8. | Successors and Assigns. Except to the extent otherwise provided in this Agreement, the provisions of this Agreement shall inure to the benefit of, and be binding upon, the Company and its successors and assigns and Participant and the legal representatives, heirs and legatees of Participant’s estate and any beneficiaries of the Award designated by Participant. |
9. | Construction. All decisions of the Company with respect to any question or issue arising under the Plan or this Agreement shall be conclusive and binding on all persons having an interest in the Award. |
10. | Governing Law. The interpretation, performance and enforcement of this Agreement shall be governed by the laws of the State of Arizona without resort to that State’s conflict-of-laws rules. |
11. | Employment at Will. Nothing in this Agreement shall confer upon the Participant any right to remain in Service for any period of specific duration or interfere with or otherwise restrict in any way the rights of the Company or Participant, which rights are hereby expressly reserved by each, to terminate Participant’s Service at any time for any reason, with or without cause, subject to applicable law and the terms of any employment agreement. |
12. | Nature of Award; No Entitlement; No Claim for Compensation. In accepting this Award, Participant acknowledges the following: |
(a) | The grant of this Award is voluntary and occasional and does not create any contractual or other right to receive future grants of awards, or benefits in lieu of awards, even if awards have been granted repeatedly in the past. |
(b) | The amount of the Award paid to the Participant in any year will not create any contractual or other right for the Participant to receive the same or similar amounts in any future years under the Plan. |
(c) | All decisions with respect to future awards, if any, will be at the sole discretion of the Compensation Committee of the Board. |
(d) | Participant is voluntarily participating in the Award. |
(e) | This Award and any amount paid pursuant to this Award shall not be treated as part of the Participant’s normal or expected compensation or salary for any purpose, including, but not limited to, calculating any severance, resignation, termination, redundancy, end of service payments, bonuses, long-service awards, pension or retirement benefits or similar payments. |
13. | Entire Agreement.
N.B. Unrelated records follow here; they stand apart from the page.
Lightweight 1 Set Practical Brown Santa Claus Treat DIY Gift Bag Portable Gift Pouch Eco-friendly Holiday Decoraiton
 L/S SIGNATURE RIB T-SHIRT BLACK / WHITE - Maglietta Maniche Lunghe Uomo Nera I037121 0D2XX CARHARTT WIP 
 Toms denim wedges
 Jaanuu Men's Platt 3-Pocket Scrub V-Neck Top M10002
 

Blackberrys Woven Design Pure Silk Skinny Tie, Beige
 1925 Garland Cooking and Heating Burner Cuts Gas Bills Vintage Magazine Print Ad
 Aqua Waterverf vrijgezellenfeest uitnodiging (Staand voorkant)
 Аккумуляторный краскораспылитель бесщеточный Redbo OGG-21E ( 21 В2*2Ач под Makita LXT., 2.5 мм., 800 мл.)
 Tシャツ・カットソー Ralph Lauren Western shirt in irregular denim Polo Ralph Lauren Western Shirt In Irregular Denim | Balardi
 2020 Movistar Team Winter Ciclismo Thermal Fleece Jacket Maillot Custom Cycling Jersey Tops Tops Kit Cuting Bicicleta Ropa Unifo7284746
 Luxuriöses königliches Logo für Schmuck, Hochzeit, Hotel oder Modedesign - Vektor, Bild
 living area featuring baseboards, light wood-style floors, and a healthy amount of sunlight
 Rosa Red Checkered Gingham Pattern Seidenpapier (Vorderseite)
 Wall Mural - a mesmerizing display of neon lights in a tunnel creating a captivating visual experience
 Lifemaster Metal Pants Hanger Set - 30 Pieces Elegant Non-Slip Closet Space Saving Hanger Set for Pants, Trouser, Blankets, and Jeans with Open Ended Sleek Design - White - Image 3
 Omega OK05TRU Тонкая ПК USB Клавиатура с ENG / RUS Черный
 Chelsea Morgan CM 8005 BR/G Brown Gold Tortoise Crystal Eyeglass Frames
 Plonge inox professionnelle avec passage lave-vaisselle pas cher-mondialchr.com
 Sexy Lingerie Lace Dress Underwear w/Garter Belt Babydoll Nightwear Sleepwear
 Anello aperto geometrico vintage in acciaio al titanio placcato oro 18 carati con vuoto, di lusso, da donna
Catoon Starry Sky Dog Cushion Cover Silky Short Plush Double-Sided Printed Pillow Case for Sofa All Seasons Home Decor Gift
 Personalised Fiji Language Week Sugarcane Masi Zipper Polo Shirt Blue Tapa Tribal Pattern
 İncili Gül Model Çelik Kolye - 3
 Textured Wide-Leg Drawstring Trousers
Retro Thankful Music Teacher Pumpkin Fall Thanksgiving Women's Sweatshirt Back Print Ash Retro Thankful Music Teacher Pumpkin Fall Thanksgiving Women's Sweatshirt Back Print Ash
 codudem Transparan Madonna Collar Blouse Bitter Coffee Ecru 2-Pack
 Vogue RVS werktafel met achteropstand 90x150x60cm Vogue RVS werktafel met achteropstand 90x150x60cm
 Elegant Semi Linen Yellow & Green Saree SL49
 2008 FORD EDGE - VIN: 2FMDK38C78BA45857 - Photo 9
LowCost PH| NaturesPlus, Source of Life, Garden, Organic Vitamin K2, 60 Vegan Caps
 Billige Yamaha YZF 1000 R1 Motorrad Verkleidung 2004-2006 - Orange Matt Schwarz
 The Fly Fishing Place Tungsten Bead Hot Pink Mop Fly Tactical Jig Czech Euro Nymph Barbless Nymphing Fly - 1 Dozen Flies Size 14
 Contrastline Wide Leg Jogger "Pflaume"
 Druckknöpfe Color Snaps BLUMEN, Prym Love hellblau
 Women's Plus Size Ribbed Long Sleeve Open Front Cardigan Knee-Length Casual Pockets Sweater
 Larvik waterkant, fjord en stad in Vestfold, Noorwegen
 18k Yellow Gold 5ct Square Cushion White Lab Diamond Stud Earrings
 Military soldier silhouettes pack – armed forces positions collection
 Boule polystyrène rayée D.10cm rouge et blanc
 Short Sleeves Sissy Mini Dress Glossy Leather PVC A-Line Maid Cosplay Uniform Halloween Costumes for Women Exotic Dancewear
Except as otherwise specifically referenced herein, this Agreement constitutes the sole and entire agreement between the parties hereto with regard to the Award and supersedes any and all understandings and agreements made prior hereto, if any. No provision of this Agreement shall be amended, waived or modified except by an instrument in writing, signed by the parties hereto. |
14. | Participant Acceptance. The Participant must accept the terms and conditions of this Agreement either electronically through the electronic acceptance procedure established by the Company or through |
a written acceptance delivered to the Company in a form satisfactory to the Company. In no event shall any cash bonus amount be paid under this Agreement in the absence of such acceptance.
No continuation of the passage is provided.